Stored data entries
════════

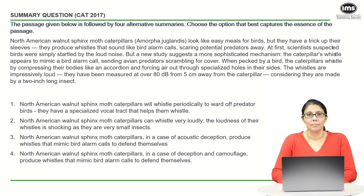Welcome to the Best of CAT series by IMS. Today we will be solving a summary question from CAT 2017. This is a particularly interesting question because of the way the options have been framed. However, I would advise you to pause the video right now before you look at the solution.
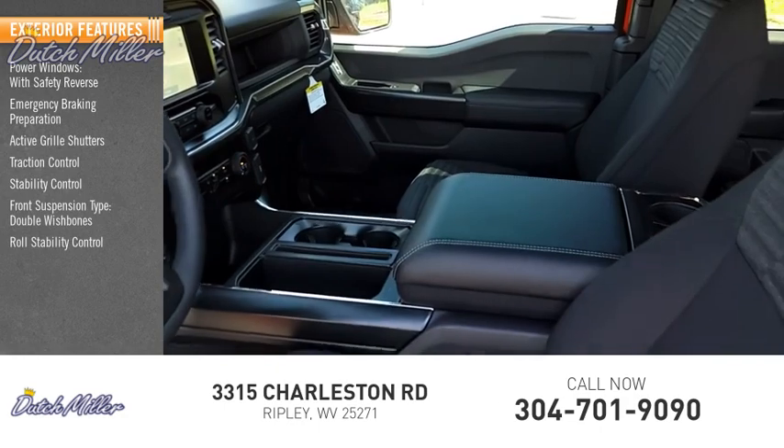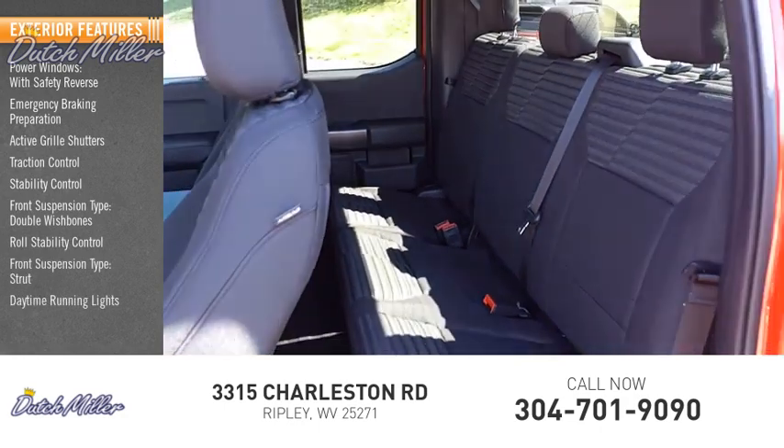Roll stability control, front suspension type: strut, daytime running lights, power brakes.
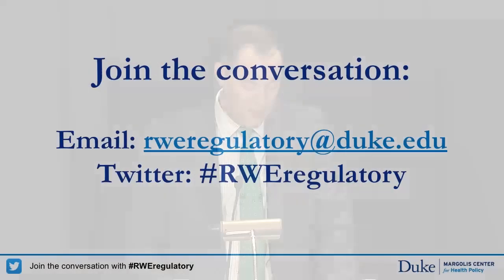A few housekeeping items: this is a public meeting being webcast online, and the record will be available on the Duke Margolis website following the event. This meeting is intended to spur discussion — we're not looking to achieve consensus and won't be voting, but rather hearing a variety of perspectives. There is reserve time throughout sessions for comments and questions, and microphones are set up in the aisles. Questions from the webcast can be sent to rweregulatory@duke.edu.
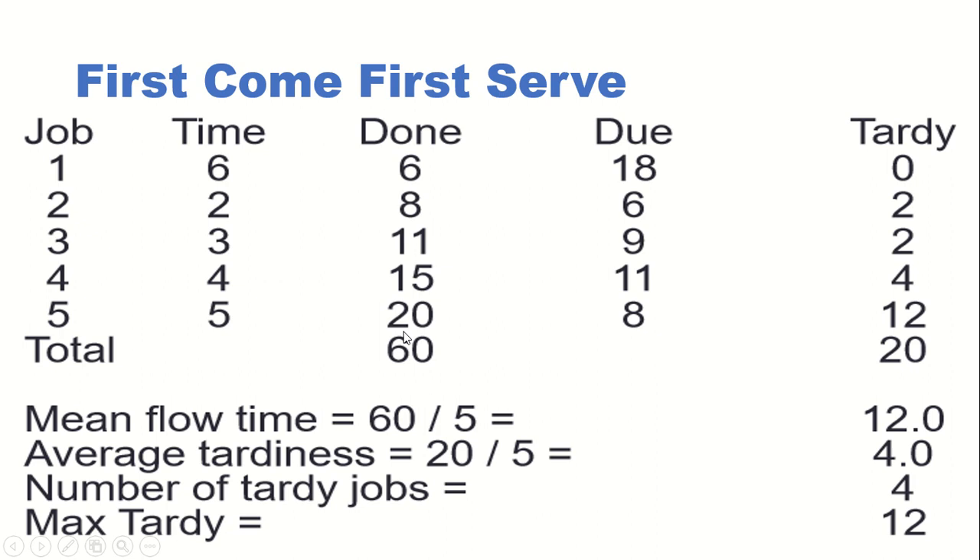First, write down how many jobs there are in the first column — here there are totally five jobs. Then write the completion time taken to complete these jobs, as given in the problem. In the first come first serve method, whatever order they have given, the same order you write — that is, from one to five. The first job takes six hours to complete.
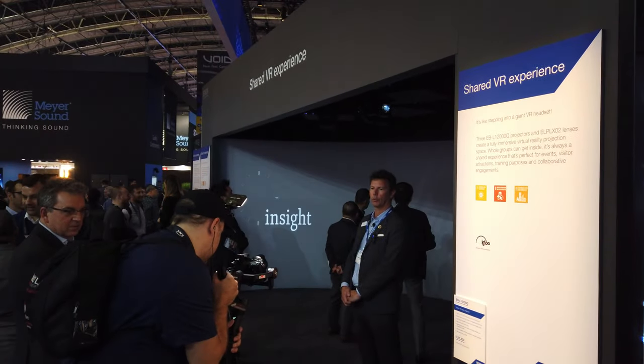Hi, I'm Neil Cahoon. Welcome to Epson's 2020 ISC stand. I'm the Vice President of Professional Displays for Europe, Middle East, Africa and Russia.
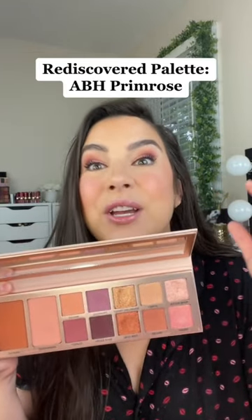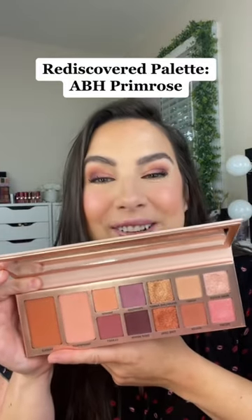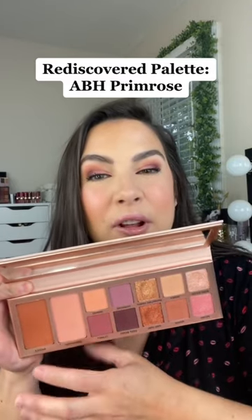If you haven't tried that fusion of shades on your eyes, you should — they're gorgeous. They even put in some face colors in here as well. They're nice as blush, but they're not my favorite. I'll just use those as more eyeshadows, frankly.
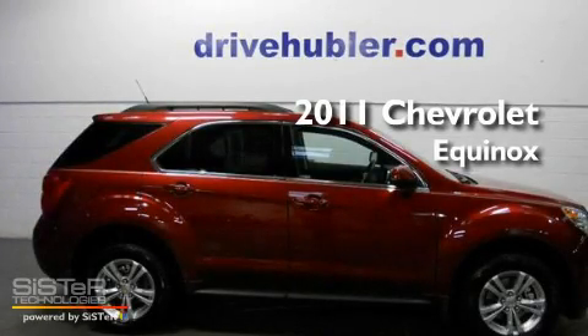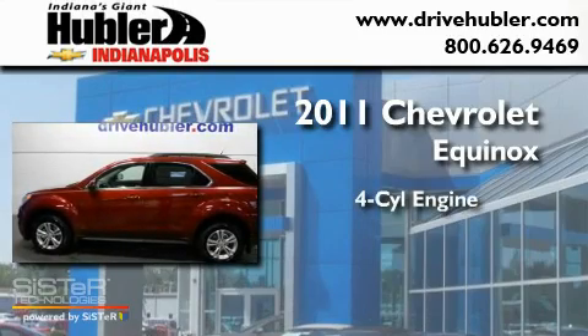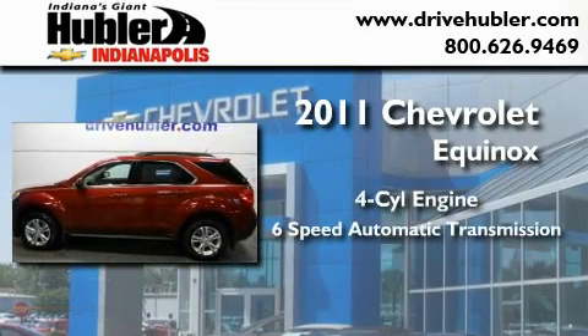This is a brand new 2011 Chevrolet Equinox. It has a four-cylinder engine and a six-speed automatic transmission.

════════

__WHAT THIS TASK INVOLVES__.
Look above for the line with "Roll stability control, front" and the line with "Hi, I'm Neil", then restate exactly those two lines and all lines between them, with no pictures.

__SOLVED EXERCISE__.
Roll stability control, front suspension type: strut, daytime running lights, power brakes.
A few housekeeping items: this is a public meeting being webcast online, and the record will be available on the Duke Margolis website following the event. This meeting is intended to spur discussion — we're not looking to achieve consensus and won't be voting, but rather hearing a variety of perspectives. There is reserve time throughout sessions for comments and questions, and microphones are set up in the aisles. Questions from the webcast can be sent to rweregulatory@duke.edu.
First, write down how many jobs there are in the first column — here there are totally five jobs. Then write the completion time taken to complete these jobs, as given in the problem. In the first come first serve method, whatever order they have given, the same order you write — that is, from one to five. The first job takes six hours to complete.
Hi, I'm Neil Cahoon. Welcome to Epson's 2020 ISC stand. I'm the Vice President of Professional Displays for Europe, Middle East, Africa and Russia.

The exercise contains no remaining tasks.